> **Task instructions**: Take each line below that has "Mens" and copy it.
[[ Data supplied, beginning ]]
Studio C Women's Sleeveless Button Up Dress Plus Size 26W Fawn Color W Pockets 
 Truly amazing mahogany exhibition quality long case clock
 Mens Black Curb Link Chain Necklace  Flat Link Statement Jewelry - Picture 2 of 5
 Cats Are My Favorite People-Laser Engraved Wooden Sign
[[ Data supplied, end ]]
[[ Data supplied, beginning ]]
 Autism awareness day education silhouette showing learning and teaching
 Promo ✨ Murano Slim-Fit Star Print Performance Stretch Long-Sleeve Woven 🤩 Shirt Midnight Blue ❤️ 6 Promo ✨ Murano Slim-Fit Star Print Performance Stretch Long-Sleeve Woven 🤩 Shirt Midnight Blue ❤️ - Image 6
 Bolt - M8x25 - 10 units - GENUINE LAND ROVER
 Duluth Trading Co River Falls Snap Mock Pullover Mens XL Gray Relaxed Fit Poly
[[ Data supplied, end ]]
> **Output for this task**:
 Mens Black Curb Link Chain Necklace  Flat Link Statement Jewelry - Picture 2 of 5
 Duluth Trading Co River Falls Snap Mock Pullover Mens XL Gray Relaxed Fit Poly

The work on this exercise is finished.